PROBLEM DETAILS: Repeat the listing verbatim. Drop any pictures.

GIVEN MATERIAL:
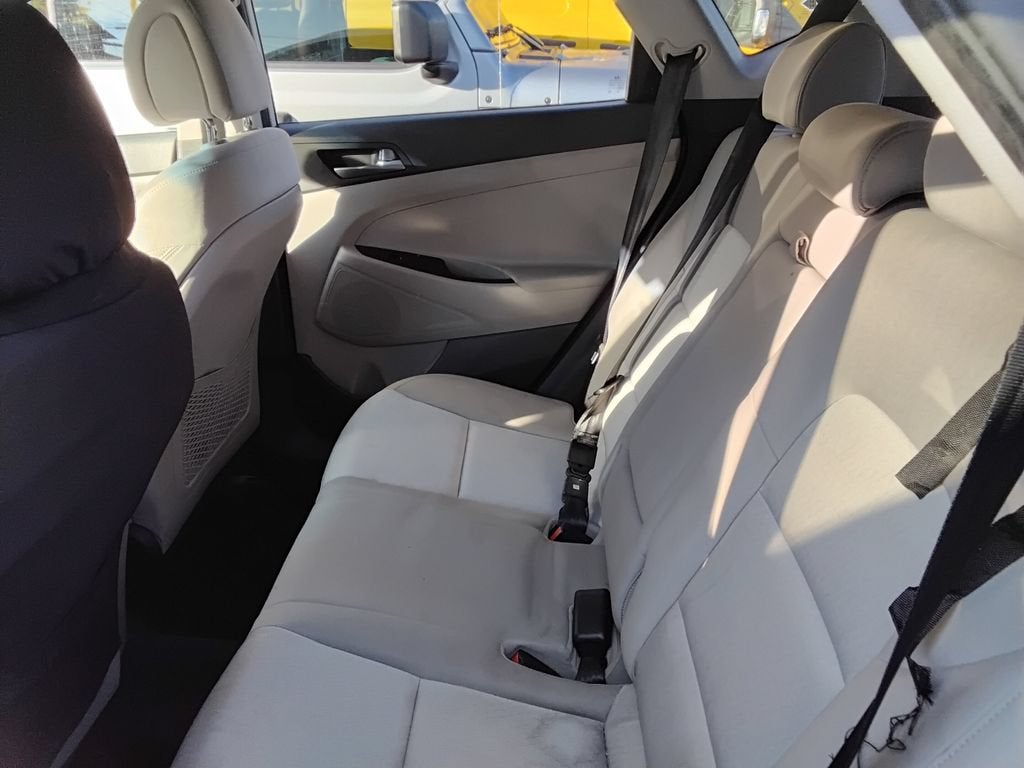 2016 Hyundai Tucson SE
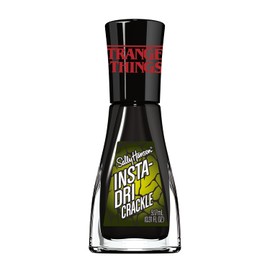 Sally Hansen Insta-Dri x Stranger Things Nail Polish, Missing, 0.31oz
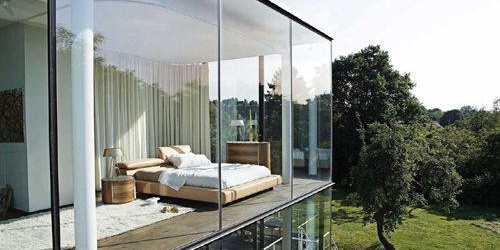 fenêtres panoramiques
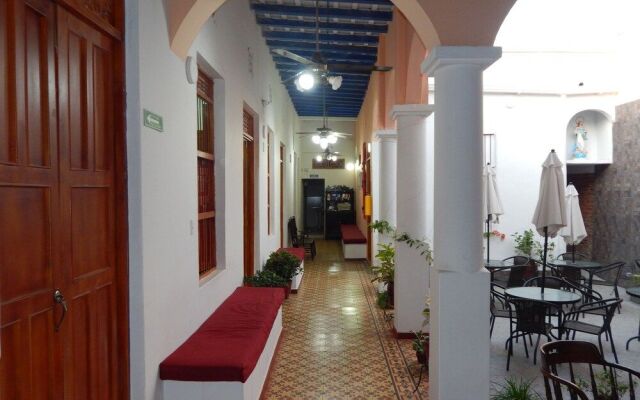 El Rinconcito Hostal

RESPONSE AREA:
 2016 Hyundai Tucson SE
 Sally Hansen Insta-Dri x Stranger Things Nail Polish, Missing, 0.31oz
 fenêtres panoramiques
 El Rinconcito Hostal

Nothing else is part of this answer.